(Collected data entries)
══════════════════════════════
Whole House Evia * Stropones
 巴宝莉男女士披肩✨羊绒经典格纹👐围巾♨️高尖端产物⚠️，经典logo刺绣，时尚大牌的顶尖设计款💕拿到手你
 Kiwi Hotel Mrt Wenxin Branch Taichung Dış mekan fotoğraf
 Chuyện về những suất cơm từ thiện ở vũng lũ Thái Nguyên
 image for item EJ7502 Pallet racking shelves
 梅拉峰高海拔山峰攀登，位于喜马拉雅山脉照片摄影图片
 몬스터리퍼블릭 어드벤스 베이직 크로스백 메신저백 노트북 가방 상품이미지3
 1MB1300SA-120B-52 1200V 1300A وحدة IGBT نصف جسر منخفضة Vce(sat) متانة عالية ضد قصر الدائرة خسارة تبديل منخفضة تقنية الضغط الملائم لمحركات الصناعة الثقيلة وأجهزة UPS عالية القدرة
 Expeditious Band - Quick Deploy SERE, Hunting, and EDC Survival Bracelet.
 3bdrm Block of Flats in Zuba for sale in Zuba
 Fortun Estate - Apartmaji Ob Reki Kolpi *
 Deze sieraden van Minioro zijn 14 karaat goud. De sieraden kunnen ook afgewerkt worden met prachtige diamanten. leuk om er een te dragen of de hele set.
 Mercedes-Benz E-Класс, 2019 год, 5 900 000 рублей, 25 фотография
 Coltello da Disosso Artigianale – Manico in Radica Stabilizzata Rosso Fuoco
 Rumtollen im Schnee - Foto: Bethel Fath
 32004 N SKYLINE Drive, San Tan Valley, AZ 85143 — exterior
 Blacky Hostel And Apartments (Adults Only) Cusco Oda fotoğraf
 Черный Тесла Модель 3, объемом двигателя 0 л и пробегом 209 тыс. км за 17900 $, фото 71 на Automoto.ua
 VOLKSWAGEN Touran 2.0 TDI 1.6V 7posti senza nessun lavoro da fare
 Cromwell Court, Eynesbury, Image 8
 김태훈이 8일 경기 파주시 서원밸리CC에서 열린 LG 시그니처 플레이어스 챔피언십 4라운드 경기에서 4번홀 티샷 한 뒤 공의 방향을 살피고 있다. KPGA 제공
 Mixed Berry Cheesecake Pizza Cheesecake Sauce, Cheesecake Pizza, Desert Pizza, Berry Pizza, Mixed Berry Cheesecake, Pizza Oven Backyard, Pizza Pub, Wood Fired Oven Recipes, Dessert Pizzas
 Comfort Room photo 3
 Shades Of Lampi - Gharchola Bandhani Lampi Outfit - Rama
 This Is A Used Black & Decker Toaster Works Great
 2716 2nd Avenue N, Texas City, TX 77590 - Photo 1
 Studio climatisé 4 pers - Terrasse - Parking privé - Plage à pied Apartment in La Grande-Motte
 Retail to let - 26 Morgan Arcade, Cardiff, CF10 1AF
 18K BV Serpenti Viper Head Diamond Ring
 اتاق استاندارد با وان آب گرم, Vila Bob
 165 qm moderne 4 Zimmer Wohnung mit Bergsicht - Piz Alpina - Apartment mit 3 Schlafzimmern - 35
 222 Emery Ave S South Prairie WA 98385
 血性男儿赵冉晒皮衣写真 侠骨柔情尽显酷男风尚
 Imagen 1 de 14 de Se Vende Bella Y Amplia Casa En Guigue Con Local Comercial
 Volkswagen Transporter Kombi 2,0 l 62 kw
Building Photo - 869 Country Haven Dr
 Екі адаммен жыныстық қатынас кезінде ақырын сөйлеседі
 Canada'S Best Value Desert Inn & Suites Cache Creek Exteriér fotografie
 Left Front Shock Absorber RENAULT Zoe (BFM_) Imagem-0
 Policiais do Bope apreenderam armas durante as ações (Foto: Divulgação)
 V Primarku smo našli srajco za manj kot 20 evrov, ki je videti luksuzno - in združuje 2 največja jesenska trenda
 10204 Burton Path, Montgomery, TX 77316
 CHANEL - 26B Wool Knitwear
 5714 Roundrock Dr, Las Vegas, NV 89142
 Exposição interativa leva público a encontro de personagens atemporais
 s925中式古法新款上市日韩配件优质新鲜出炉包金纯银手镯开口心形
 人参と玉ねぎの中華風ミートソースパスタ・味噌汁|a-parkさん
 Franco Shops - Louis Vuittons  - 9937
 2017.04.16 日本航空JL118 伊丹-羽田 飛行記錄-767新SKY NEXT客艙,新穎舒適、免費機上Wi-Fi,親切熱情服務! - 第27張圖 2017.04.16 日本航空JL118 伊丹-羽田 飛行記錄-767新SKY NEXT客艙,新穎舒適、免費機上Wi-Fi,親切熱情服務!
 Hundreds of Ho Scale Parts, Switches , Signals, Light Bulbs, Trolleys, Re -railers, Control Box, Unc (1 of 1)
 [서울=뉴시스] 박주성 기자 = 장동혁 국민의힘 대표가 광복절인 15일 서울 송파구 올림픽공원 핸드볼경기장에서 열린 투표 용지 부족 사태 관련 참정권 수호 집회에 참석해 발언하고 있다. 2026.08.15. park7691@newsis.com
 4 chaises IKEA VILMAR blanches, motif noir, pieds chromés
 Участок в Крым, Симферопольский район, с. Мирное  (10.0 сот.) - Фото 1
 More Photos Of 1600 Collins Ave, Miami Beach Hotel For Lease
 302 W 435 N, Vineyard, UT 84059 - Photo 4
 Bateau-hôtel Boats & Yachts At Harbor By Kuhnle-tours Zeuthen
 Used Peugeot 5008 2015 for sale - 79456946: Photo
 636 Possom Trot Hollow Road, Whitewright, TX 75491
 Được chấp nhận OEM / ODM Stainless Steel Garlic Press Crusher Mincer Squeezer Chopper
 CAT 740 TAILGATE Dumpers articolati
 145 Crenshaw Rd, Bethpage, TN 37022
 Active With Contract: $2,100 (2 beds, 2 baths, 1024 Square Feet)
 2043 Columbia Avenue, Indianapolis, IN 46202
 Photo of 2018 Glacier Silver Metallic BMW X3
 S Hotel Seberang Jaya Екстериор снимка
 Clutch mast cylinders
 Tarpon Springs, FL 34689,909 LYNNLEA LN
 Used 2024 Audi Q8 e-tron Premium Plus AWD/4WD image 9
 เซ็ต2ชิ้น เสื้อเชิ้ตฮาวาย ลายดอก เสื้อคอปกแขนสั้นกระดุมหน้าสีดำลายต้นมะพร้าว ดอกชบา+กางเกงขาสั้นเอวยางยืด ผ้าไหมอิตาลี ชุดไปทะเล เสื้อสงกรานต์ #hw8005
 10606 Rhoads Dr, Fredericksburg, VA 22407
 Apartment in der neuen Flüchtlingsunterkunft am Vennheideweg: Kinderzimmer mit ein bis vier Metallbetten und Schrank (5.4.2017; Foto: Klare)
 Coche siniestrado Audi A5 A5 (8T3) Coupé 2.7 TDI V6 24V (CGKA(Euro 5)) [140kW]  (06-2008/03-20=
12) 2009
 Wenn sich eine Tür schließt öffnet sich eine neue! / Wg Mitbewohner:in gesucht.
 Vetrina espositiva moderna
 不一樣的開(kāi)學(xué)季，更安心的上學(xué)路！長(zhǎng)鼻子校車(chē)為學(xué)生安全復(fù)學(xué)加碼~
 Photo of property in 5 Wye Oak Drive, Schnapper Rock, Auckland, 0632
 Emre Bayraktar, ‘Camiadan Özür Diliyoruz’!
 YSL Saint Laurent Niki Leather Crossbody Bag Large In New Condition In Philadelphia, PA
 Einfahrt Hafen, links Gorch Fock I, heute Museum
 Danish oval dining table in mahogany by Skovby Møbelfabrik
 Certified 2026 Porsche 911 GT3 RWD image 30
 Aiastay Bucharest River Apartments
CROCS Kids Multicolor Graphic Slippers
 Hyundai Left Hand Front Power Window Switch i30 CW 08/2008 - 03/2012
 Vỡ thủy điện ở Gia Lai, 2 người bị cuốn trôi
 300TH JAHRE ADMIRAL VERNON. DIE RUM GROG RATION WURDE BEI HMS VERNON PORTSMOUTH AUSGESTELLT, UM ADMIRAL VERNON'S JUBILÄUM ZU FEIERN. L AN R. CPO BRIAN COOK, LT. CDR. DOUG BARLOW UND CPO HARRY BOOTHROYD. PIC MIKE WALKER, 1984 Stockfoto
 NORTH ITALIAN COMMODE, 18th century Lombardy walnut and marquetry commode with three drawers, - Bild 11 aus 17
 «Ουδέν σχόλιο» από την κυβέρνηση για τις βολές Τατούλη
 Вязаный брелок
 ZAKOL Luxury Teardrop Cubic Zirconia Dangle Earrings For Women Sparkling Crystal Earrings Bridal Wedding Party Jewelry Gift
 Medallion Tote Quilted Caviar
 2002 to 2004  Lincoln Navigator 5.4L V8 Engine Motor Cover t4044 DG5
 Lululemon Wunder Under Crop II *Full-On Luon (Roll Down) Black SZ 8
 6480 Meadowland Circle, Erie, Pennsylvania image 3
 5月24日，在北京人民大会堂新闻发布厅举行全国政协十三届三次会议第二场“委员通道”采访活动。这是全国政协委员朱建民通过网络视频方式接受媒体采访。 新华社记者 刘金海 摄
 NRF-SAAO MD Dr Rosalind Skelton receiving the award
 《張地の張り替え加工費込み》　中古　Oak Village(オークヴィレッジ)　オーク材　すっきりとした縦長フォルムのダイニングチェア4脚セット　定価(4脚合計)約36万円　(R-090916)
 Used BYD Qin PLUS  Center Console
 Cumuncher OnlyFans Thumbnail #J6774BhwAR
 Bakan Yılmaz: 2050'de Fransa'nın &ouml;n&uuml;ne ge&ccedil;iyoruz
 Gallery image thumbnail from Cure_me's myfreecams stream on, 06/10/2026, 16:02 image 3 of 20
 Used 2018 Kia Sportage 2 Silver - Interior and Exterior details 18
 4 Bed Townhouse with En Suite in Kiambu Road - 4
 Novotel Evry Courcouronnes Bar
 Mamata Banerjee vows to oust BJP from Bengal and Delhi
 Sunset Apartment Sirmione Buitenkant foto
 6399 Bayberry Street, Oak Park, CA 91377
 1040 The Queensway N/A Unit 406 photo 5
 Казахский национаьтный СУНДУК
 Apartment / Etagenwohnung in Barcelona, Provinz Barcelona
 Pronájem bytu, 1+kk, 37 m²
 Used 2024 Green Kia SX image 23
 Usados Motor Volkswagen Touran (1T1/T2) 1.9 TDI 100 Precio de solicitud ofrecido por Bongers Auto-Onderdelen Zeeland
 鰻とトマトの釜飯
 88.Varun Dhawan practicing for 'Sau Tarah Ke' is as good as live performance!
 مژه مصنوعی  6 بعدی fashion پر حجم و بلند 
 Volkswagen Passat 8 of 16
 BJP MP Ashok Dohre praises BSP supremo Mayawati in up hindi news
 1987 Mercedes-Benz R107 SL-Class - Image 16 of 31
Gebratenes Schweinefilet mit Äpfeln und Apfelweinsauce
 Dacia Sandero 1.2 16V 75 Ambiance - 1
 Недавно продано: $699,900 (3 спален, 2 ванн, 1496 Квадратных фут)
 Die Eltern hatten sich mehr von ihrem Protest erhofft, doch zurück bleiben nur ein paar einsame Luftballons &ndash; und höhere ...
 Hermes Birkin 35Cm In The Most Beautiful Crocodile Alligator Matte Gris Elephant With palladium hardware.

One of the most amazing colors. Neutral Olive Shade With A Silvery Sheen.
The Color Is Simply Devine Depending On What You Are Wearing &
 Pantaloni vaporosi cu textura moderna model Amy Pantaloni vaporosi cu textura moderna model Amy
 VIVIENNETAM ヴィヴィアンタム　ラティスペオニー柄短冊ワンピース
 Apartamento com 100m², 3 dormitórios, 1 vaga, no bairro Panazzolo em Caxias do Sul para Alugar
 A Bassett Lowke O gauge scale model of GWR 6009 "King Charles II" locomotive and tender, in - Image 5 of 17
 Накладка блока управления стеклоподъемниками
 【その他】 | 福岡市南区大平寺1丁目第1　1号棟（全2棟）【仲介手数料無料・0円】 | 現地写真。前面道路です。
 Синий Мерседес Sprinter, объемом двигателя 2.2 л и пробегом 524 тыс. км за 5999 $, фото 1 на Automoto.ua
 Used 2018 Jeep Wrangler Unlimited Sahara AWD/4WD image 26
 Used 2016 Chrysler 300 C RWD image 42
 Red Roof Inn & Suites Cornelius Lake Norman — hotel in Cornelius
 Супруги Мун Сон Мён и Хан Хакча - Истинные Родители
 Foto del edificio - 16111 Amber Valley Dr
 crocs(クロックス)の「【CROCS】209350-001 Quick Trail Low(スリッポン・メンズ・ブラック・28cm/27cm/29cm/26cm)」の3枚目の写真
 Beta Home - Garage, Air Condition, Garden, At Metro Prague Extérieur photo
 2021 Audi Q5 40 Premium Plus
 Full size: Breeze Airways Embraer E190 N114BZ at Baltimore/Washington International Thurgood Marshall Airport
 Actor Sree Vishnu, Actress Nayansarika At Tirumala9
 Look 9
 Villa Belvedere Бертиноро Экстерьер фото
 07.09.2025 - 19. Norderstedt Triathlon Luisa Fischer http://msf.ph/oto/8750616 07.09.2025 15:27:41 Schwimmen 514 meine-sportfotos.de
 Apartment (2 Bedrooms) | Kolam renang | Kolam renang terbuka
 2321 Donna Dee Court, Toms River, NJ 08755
══════════════════════════════
Among the entries above, the line containing "The Color Is", the line containing "Used 2018 Jeep", and all lines between them are to be restated word for word; nothing else belongs in the reply.

* Answer area:
The Color Is Simply Devine Depending On What You Are Wearing &
 Pantaloni vaporosi cu textura moderna model Amy Pantaloni vaporosi cu textura moderna model Amy
 VIVIENNETAM ヴィヴィアンタム　ラティスペオニー柄短冊ワンピース
 Apartamento com 100m², 3 dormitórios, 1 vaga, no bairro Panazzolo em Caxias do Sul para Alugar
 A Bassett Lowke O gauge scale model of GWR 6009 "King Charles II" locomotive and tender, in - Image 5 of 17
 Накладка блока управления стеклоподъемниками
 【その他】 | 福岡市南区大平寺1丁目第1　1号棟（全2棟）【仲介手数料無料・0円】 | 現地写真。前面道路です。
 Синий Мерседес Sprinter, объемом двигателя 2.2 л и пробегом 524 тыс. км за 5999 $, фото 1 на Automoto.ua
 Used 2018 Jeep Wrangler Unlimited Sahara AWD/4WD image 26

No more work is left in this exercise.